# iChat file sharing



## gollum84 (Feb 11, 2004)

I use iChat to talk to my friends who use AIM on their pc's.  My problem is this, when I try to send them a file, I always get an errror that it could send the file.  But for some reason when my friends send me files or pictures, I can always receive them and open them.  So why can I receive files and not send them?


----------



## MBHockey (Feb 11, 2004)

gollum84 said:
			
		

> I use iChat to talk to my friends who use AIM on their pc's.  My problem is this, when I try to send them a file, I always get an errror that it could send the file.  But for some reason when my friends send me files or pictures, I can always receive them and open them.  So why can I receive files and not send them?



It might not be iChat, it could be something with your network.  Are you behind a firewall (router) or do you have your macos x firewall turned on?

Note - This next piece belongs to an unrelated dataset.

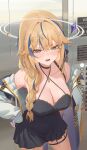  1girl absurdres black_choker black_dress blonde_hair blue_bow blue_eyes blue_hair blue_streaks bow braid braided_ponytail breasts choker cleavage commentary double_halo dress elevator hair_between_eyes hair_bow hair_ornament halo heart heart_hair_ornament highres jacket kaneko_lumi large_breasts long_hair looking_at_viewer multicolored_hair neptune_illust open_mouth phase_connect short_dress side_ponytail solo sparkle_hair_ornament star_(symbol) star_hair_ornament streaked_hair thigh_strap untranslatable_commentary virtual_youtuber white_jacket wing_hair_ornament 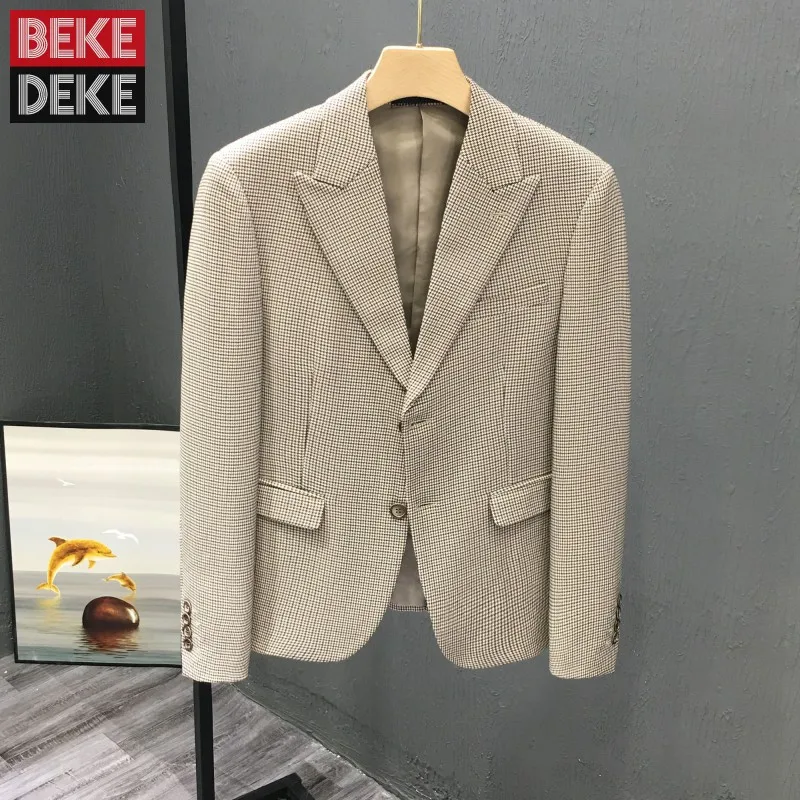 

Business Casual Single Breasted Plaid Blazer Men Vintage Slim Fit Suit Jacket Long Sleeve Spring Autumn Fashion Outerwear Male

You may have to set up port forwarding, although i am not sure which port # AIM and iChat use for file transfers.


----------



## gollum84 (Feb 11, 2004)

I have a high speed cable connection and so I use a router in order to split the connection between the other computers in my house.  The router that I use is an SMC Barricade SMC7004VBR.  I went to the System Preferences and looked under the Sharing setting.  It says that the firewall is off.  But under the firewall start button, there is a list of ports and checkboxes.  I don't know anything about network settings or ports, so maybe you can help me.  One of the checkboxes is labeled "AOL IM (5190)" and it is unchecked.  Does this help any?  How do I do this port forwarding thing?


----------



## MBHockey (Feb 11, 2004)

gollum84 said:
			
		

> I have a high speed cable connection and so I use a router in order to split the connection between the other computers in my house.  The router that I use is an SMC Barricade SMC7004VBR.  I went to the System Preferences and looked under the Sharing setting.  It says that the firewall is off.  But under the firewall start button, there is a list of ports and checkboxes.  I don't know anything about network settings or ports, so maybe you can help me.  One of the checkboxes is labeled "AOL IM (5190)" and it is unchecked.  Does this help any?  How do I do this port forwarding thing?



Ok, so you are behind a (hardware) firewall because of the router.  You need to set up port forwarding because more than likely your the aim file transfer port (it might be 5190, i know that is the Oscar log-in port but not so sure about file sharing) is being blocked by your router.

Assuming you are running Panther (not too sure how much this would differ, at all, for previous versions of OS X)

Port fowarding needs to be configured by your router.  most routers have web-based interfaces for configuration, so i'd try to find which page is the configuration page (just go to your System Preferences --> Network --> TCP/IP --> the address of your router will appear in the Router box in this tab.

once you type that router address into your browser and successfully get to the configuration page, look for something about port forwarding and you should make it should be of this format:

If your public IP address (www.whatismyip.com) is 45.54.116.210 and your local IP address (available from network preferences --> tcp/ip tab 2nd box down) is 192.168.0.1 and the port to forward is 5190 then it should look like this

45.54.116.210:5190 --> 192.168.0.1:5190

I doubt the router will have this format, but i think you understand what i am getting at here. (remember, i am not sure if 5190 is the file transfer port for iChat but you should try it)

There also might be an easy-configuration for this.  On my netgear router i can select AIM from a drop down box of what looks like "popular ports that are forwarded" although i don't have this problem because my computer is the default DMZ server on my network.


----------



## bobw (Feb 12, 2004)

Ports to open for iChatAV;

http://docs.info.apple.com/article.html?artnum=93208


----------



## MBHockey (Feb 12, 2004)

bobw said:
			
		

> Ports to open for iChatAV;
> 
> http://docs.info.apple.com/article.html?artnum=93208



bobw is so money


----------



## gollum84 (Feb 12, 2004)

Thanks for the info.  I can finally send stuff to my friends now.


----------